The suit claims that S&P’s inaccurate ratings caused California’s public pension funds and other investors to lose billions of dollars.
“They misrepresented their objectivity and they were inaccurate in the way they measured the rating,” Harris told KQED’s Paul Lancour. “So the lawsuit that we have filed makes claims under a number of theories that includes false claims and the False Claims Act. It is about false advertising, which S&P engaged in, and also about unfair competition.”
In a written statement, S&P denied inflating ratings and called the lawsuits “meritless.”
Investors relied on S&P and its competitors to rate these securities because they had access to only general descriptions of the assets backing their investments, which often included mortgages, Harris charged.
California’s public pension funds also relied on S&P because they are often required to buy securities that received the coveted “AAA” rating, signaling that the investment was top-tier and bore minimal risk.
The lawsuit alleges that, from 2004 to 2007, S&P systematically misrepresented to the public, the California Public Employees Retirement System (CalPERS) and the California State Teachers Retirement System (CalSTRS), that its ratings of structured finance securities were based on an objective analysis when they were actually influenced by S&P’s economic interests.
S&P responds that it reached the same conclusions as other ratings agencies and even the U.S. government:
The fact is that S&P’s ratings were based on the same subprime mortgage data available to the rest of the market – including U.S. Government officials who in 2007 publicly stated that problems in the subprime market appeared to be contained. Every CDO [credit default obligation] cited by the Department of Justice also independently received the same rating from another rating agency.
As evidence, Harris quoted emails from S&P executives in which they said their ratings were based on “magic numbers” and “guesses.”
In its statement, the ratings agency said the emails were not representative of the discussions it held.
There was robust internal debate within S&P about how a rapidly deteriorating housing market might affect the CDOs — and we applied the collective judgment of our committee-based system in good faith. The email excerpts cherry picked by DOJ have been taken out of context, are contradicted by other evidence, and do not reflect our culture, integrity or how we do business.
The complaint also says the company tried to suppress the development of new and more accurate ratings models.

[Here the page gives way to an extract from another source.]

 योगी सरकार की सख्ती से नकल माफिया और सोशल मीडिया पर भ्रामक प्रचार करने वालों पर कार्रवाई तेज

In mid-2007, the housing bubble burst. After securities that S&P had deemed the least risky began defaulting, S&P downgraded many residential mortgage backed securities investments. The market collapsed, and of those securities issued in 2007, more than 90 percent were downgraded to junk status.
CalPERS and CalSTRS – two of the nation’s largest institutional investors – lost approximately $1 billion, according to the lawsuit.
Other lawsuits by the federal government, 12 other states and the District of Columbia allege violations of the federal Financial Institutions Reform, Recovery and Enforcement Act and state unfair competition laws.
However, California’s suit is unique because it is being filed not only under California’s unfair competition laws but also under the state’s False Claims Act. This suit includes a claim for triple damages – because when the state makes a purchase based on a false statement, the defendant is responsible for the amount lost times three.
The lawsuit arises from a 20-month investigation into the issuance and rating of mortgage-backed securities by Attorney General Harris’s California Mortgage Fraud Strike Force, which she formed in May 2011 to comprehensively investigate misconduct in the mortgage industry. The Attorney General’s additional efforts to investigate the mortgage crisis include securing an estimated $18 billion for California in the National Mortgage Settlement and sponsoring the California Homeowner Bill of Rights, a package of laws instituting permanent mortgage-related reforms.